Ambitious in scale and theatrical in conception, Une lune bleue captures the lyrical kinetic language that, by 1971, had positioned Calder firmly on the international stage. His mobiles, begun in the 1930s, drew upon his early works in wire––dubbed by critics as “drawings in space”––as well as his sojourn in 1920s Paris, where he imbibed the city’s revolutionary creative atmosphere. In 1930, he made a seminal visit to Piet Mondrian’s studio, admiring the colored rectangular maquettes that adorned the artist’s walls. “I suggested to Mondrian that perhaps it would be fun to make these rectangles oscillate,” he recalls (A. Calder, Calder: An Autobiography with Pictures, New York, 1966, p. 113). Calder’s first mobiles—a term proposed by Marcel Duchamp—were meditative, motorized objects: curious, abstract creations whose geometric components could be articulated “like the choreography in a ballet” (A. Calder quoted in M. Evans (ed.), The Painters Object, London, 1937, pp. 62–67). Over the following decades, Calder would go on to break new ground for kinetic sculpture, seamlessly fusing art and physics in his exploration of color, form, sound, and motion. By the 1970s, his works had achieved worldwide acclaim, resulting in major commissions for sites around the world. The monumental scale of his public works drove his practice to new heights, giving rise to ever-more complex and dramatic formal configurations.

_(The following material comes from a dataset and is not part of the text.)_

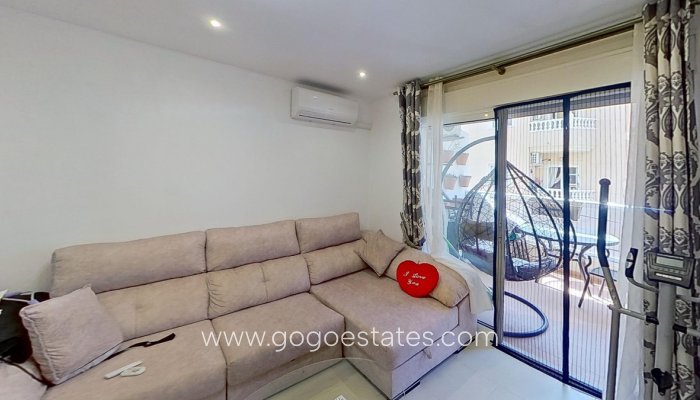 Appartement - Appartement op de middelste verdieping - Te koop - Torrevieja - Torrevieja Centro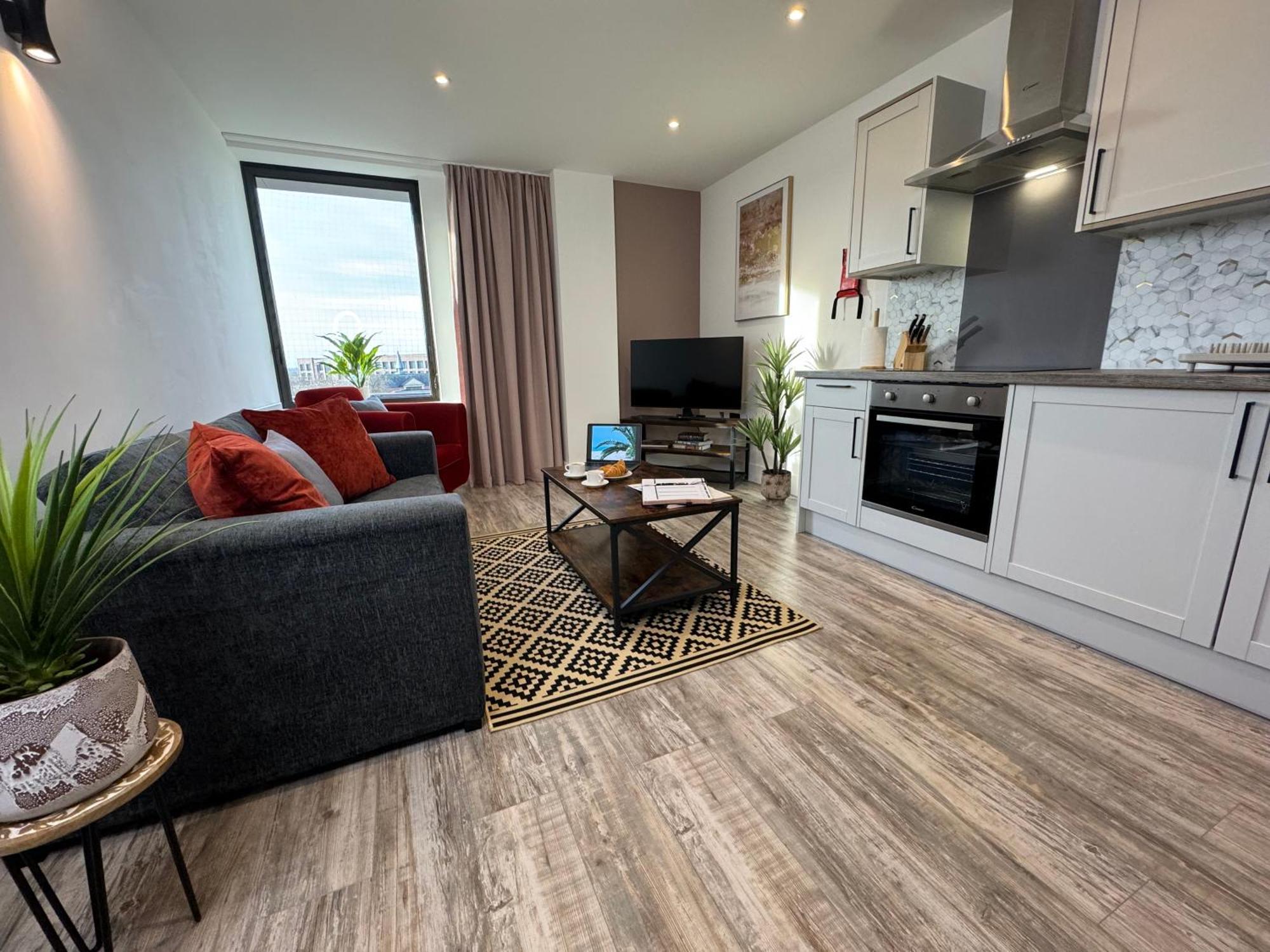Elegant One Bedroom Apartment Swindon Ngoại thất bức ảnh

Throughout his oeuvre, Calder remained fascinated by the unseen rhythms of the natural world. As a young man, he had found employment as a fireman aboard the H. F. Alexander, which sailed from San Francisco to New York. One morning, off the coast of Guatemala, he awoke early enough to observe the rising sun and the setting moon on opposite sides of the horizon: “it left me with a lasting sensation of the solar system”, he recalled (A. Calder, quoted in M. Gibson, Calder, New York, 1988, p. 11). The term “sensation” is critical here, suggesting a visceral connection with nature’s disparate energies. From a different trajectory, Miró placed lunar imagery at the center of his Surrealist practice, noting that “I am overwhelmed when I see, in an immense sky, the crescent of the moon, or the sun” (J. Miró, quoted in Y. Taillandier (ed)., Joan Miró: I Work Like a Gardener, New York, 2017, p. 21). In 1969, passengers at JKF airport in New York watched the moon landings under the shadow of Calder’s monumental mobile .125—a reminder, perhaps, that his art had conquered the universe long before the rest of humankind. As the present work attests, it was a sphere of poetry and possibility that would continue to absorb him for the rest of his life.